Center for Human Genetics, Marshfield Clinic Research Foundation, Marshfield, Wisconsin.
Clin Cardiol. 2013 Aug;36(8):486-91. doi: 10.1002/clc.22146. Epub 2013 Jun 5.
Emerging biomarkers for acute myocardial infarction (AMI) may enhance conventional risk-prediction algorithms if they are informative and associated with risk independently of established predictors. In this study, we constructed a cohort for testing emerging biomarkers for AMI in managed-care populations using existing biospecimen repositories linked to electronic health records (EHR).
Electronic health record-based biorepositories collected by healthcare systems can be federated to provide large, methodologically sound testing sets for biomarker validation.
Subjects ages 40 to 80 years were selected from 2 existing population-based biospecimen repositories.

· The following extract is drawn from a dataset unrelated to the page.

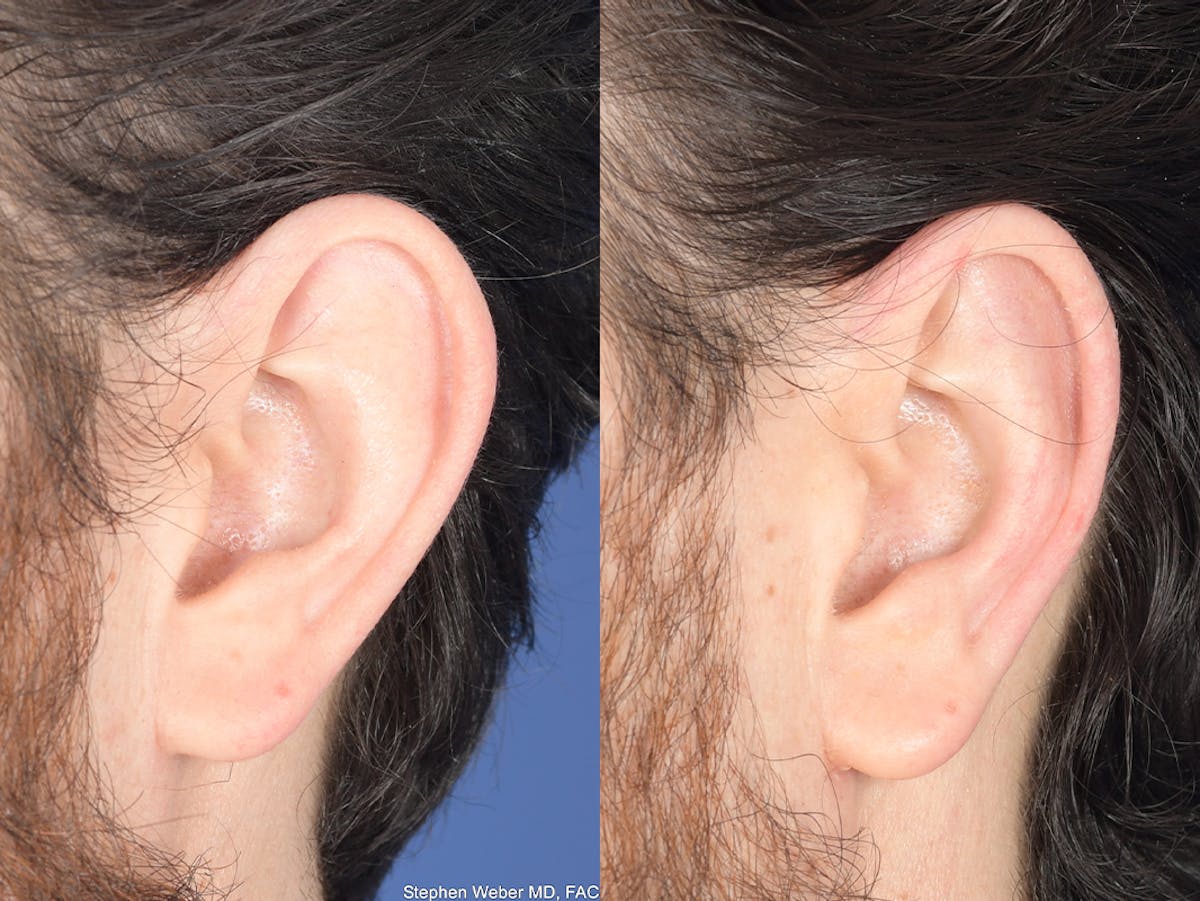 Otoplasty Before & After Gallery - Patient 406991 - Image 4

Incident AMI status and covariates were ascertained from the EHR. An ad hoc model for AMI risk was parameterized and validated. Simulation was used to test incremental gains in performance due to the inclusion of biomarkers in this model. Gains in performance were assessed in terms of area under the receiver operating characteristic curve (ROC-AUC) and case reclassification.

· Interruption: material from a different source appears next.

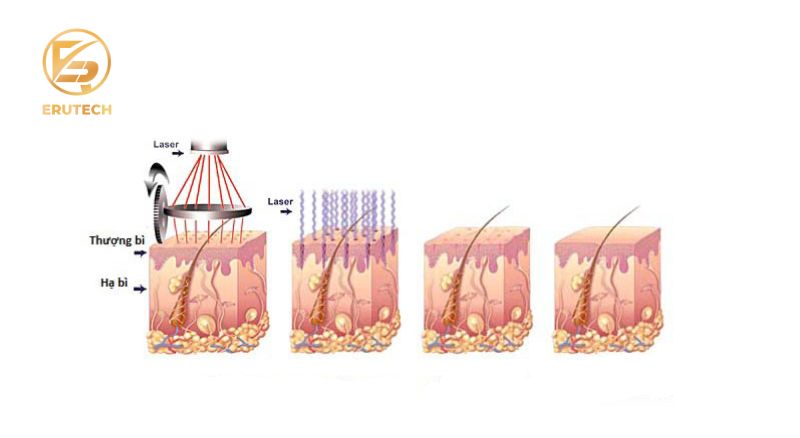 Nguyên lý hoạt động của công nghệ trị sẹo rỗ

A total of 18 329 individuals (57% female) contributed 108 400 person-years of EHR follow-up. The crude AMI incidence was 10.8 and 5.0 per 1000 person-years among males and females, respectively. Compared with the model with risk factors alone, inclusion of a simulated biomarker yielded substantial gains in sensitivity without loss of specificity. Furthermore, a net ROC-AUC gain of 13.3% was observed, as well as correct reclassification of 9.8% of incident cases (79 of 806) that were otherwise not considered statin-indicated at baseline under the National Cholesterol Education Program Adult Treatment Panel III criteria.
More research is needed to assess incremental contribution of emerging biomarkers for AMI prediction in managed-care populations.

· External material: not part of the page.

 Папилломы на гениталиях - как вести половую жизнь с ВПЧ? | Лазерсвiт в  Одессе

急性心肌梗死(AMI)的新兴生物标志物如果具有信息性并且与既定预测因素独立相关,则可以增强传统的风险预测算法。在这项研究中,我们使用与电子健康记录(EHR)相关联的现有生物标本库构建了一个针对管理式医疗人群中新兴 AMI 生物标志物的测试队列。
医疗保健系统收集的基于电子病历的生物库可以联合起来,为生物标志物验证提供大型、方法合理的测试集。
从 2 个现有的基于人群的生物标本库中选择年龄在 40 至 80 岁的受试者。从 EHR 中确定 AMI 发病情况和协变量。参数化和验证 AMI 风险的特定模型。使用模拟来测试由于该模型中包含生物标志物而导致性能的增量收益。根据接收器操作特征曲线下的面积(ROC-AUC)和病例重新分类来评估性能的提高。
共有 18329 人(57%为女性)提供了 108400 人年的 EHR 随访。男性和女性的粗 AMI 发病率分别为每 1000 人年 10.8 和 5.0。与仅具有危险因素的模型相比,包含模拟生物标志物可在不损失特异性的情况下大幅提高敏感性。此外,观察到 ROC-AUC 增益 13.3%,并且根据国家胆固醇教育计划成人治疗专家组 III 标准,在基线时没有被认为是他汀类药物指征的 806 例事件中的 9.8%得到了正确的重新分类。
需要更多的研究来评估新兴 AMI 预测生物标志物在管理式医疗人群中的增量贡献。